My current solution is

  1. adding a handler of -- as follows

    opts.on('--', 'marks the beginning of a different list of files') do
       ARGV.unshift(:separator)
    end
    

    this produces ARGV with the following content

    [ file1, file2, :separator, file10, file11 ]

  2. and then, outside of OptionParser and after parse! was called, I modify ARGV

    list1 = ARGV.shift(ARGV.index(:separator))
    ARGV.shift
    

Is there a more elegant way of accomplishing it?


Solution

  • You're not using OptionParser correctly. It has the ability to create arrays/lists for you, but you have to tell it what you want.

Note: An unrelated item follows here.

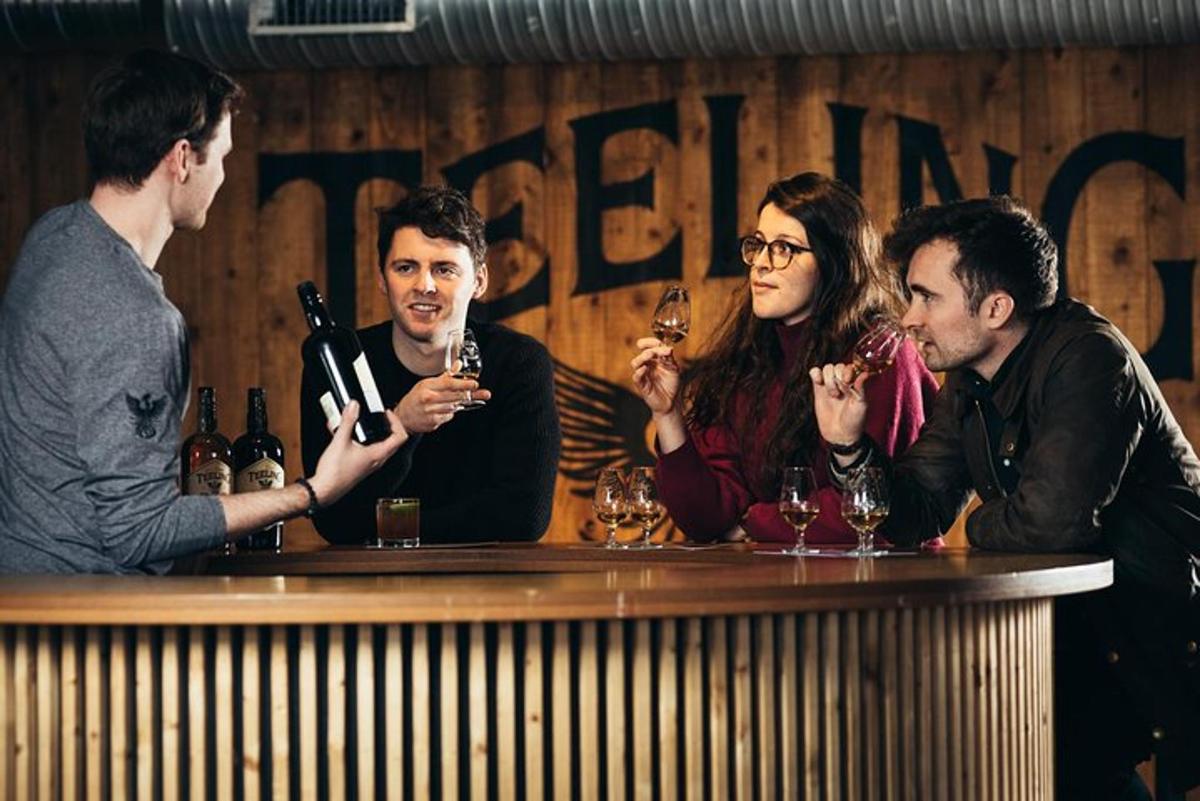 a group of people sitting at a bar drinking wine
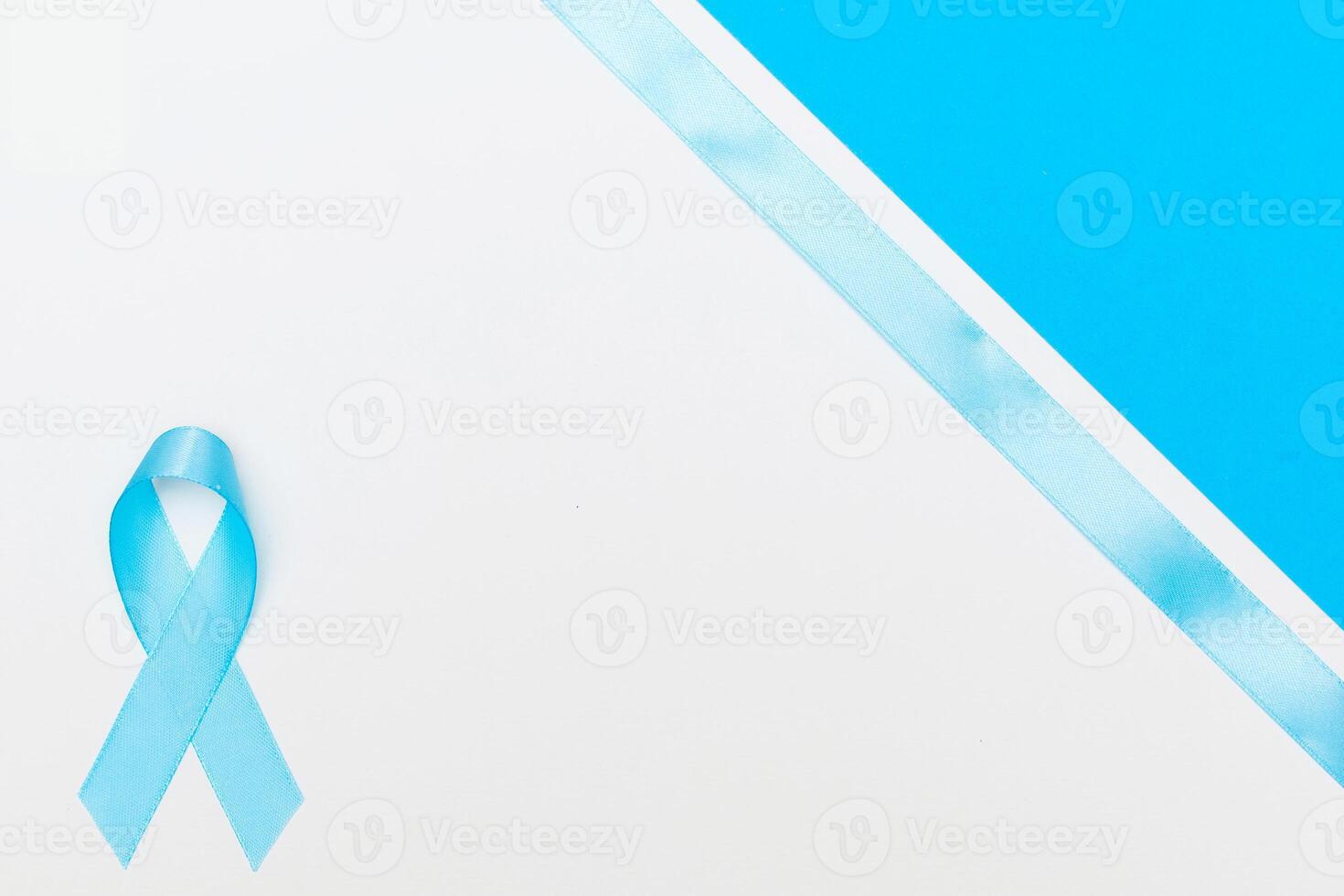 blue cancer awareness ribbon with trail on white background. photo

    You can define two separate options that each take an array, or, you could define one that takes an array and the other comes from ARGV after OptionParser finishes its parse! pass.

    require 'optparse'
    
    options = {}
    OptionParser.new do |opt|
      opt.on('--foo PARM2,PARM2', Array, 'first file list') { |o| options[:foo] = o }
      opt.on('--bar PARM2,PARM2', Array, 'second file list') { |o| options[:bar] = o }
    end.parse!
    
    puts options 
    

    Saving and running that:

    ruby test.rb --foo a,b --bar c,d
    {:foo=>["a", "b"], :bar=>["c", "d"]}
    

    Or:

    require 'optparse'
    
    options = {}
    OptionParser.new do |opt|
      opt.on('--foo PARM2,PARM2', Array, 'first file list') { |o| options[:foo] = o }
    end.parse!
    
    puts options 
    puts 'ARGV contains: "%s"' % ARGV.join('", "')
    

    Saving and running that:

    ruby test.rb --foo a,b c d
    {:foo=>["a", "b"]}
    ARGV contains: "c", "d"
    

    You don't need to define --. -- is handled by the shell, not the script. This is from man sh:

    --        A  --  signals the end of options and disables further option processing.  Any arguments after the --
              are treated as filenames and arguments.  An argument of - is equivalent to --.